- About this task: The answer must consist solely of the lines from the one containing "New 2025 Featherlite" through the last line of the records, set down exactly and without any pictures.

========

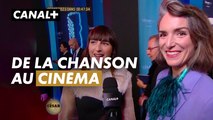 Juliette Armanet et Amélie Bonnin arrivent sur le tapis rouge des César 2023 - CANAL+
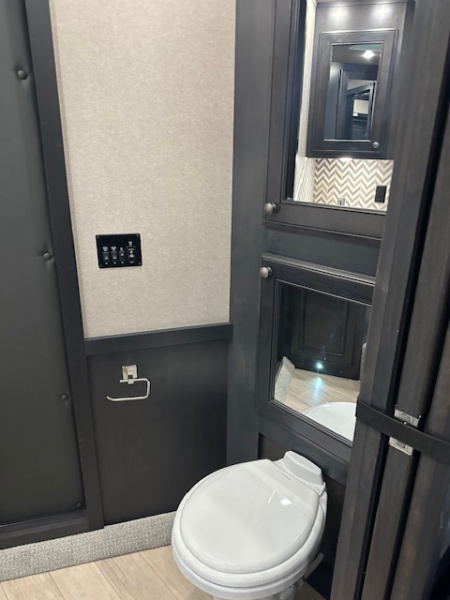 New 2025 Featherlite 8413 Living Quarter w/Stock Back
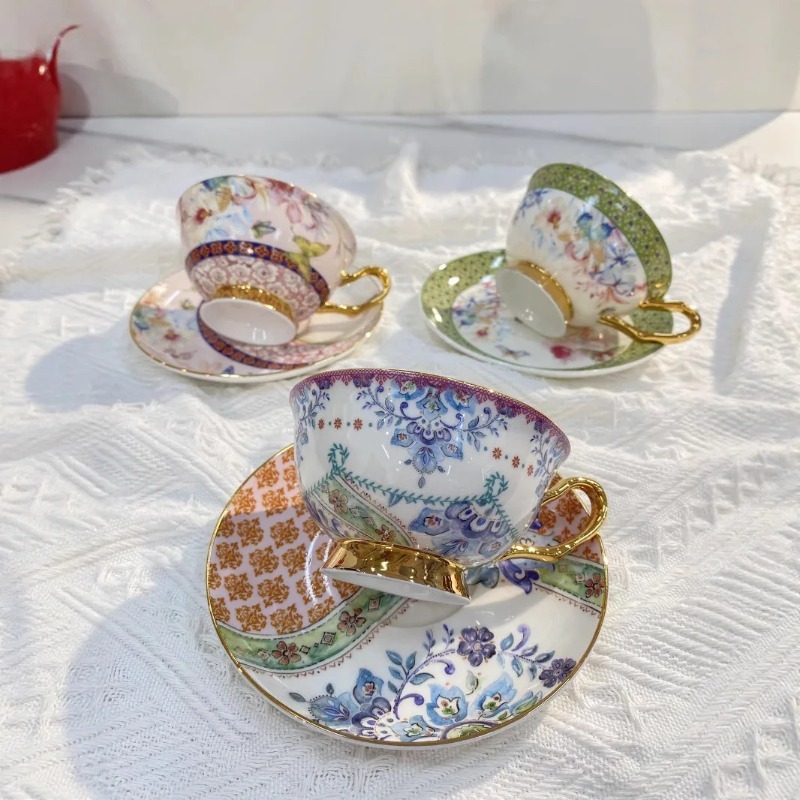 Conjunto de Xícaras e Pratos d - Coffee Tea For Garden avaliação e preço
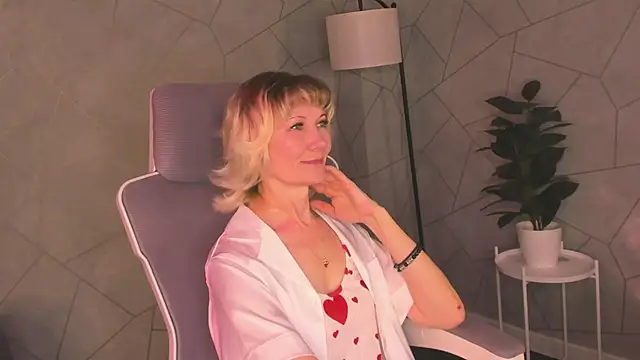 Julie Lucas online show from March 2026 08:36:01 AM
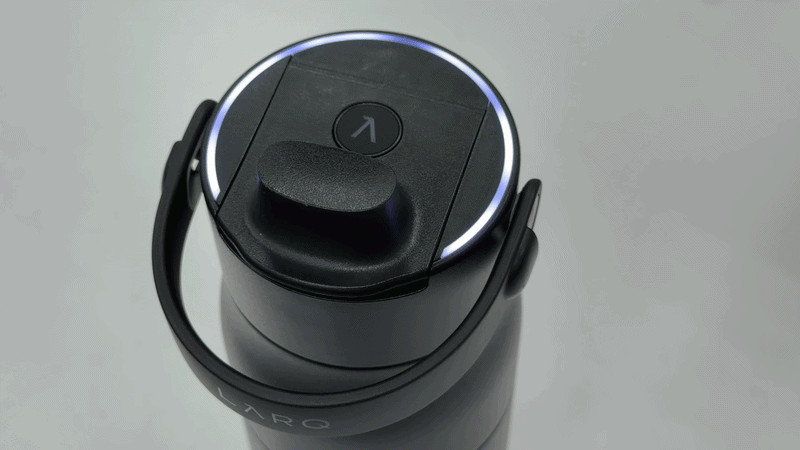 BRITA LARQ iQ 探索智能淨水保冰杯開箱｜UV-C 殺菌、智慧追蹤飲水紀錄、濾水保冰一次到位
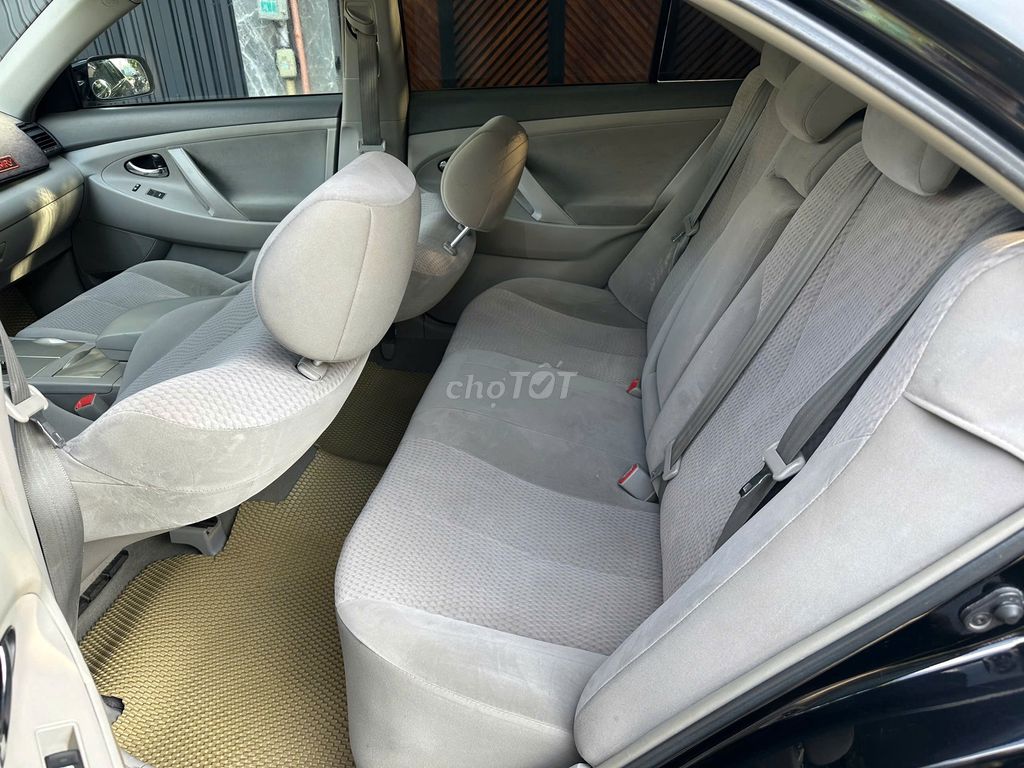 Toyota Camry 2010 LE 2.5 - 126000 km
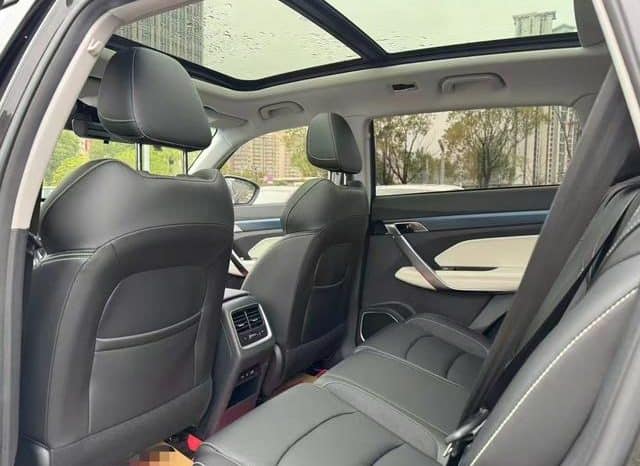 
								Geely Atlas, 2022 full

========

- Task answer:
 New 2025 Featherlite 8413 Living Quarter w/Stock Back
 Conjunto de Xícaras e Pratos d - Coffee Tea For Garden avaliação e preço
 Julie Lucas online show from March 2026 08:36:01 AM
 BRITA LARQ iQ 探索智能淨水保冰杯開箱｜UV-C 殺菌、智慧追蹤飲水紀錄、濾水保冰一次到位
 Toyota Camry 2010 LE 2.5 - 126000 km
								Geely Atlas, 2022 full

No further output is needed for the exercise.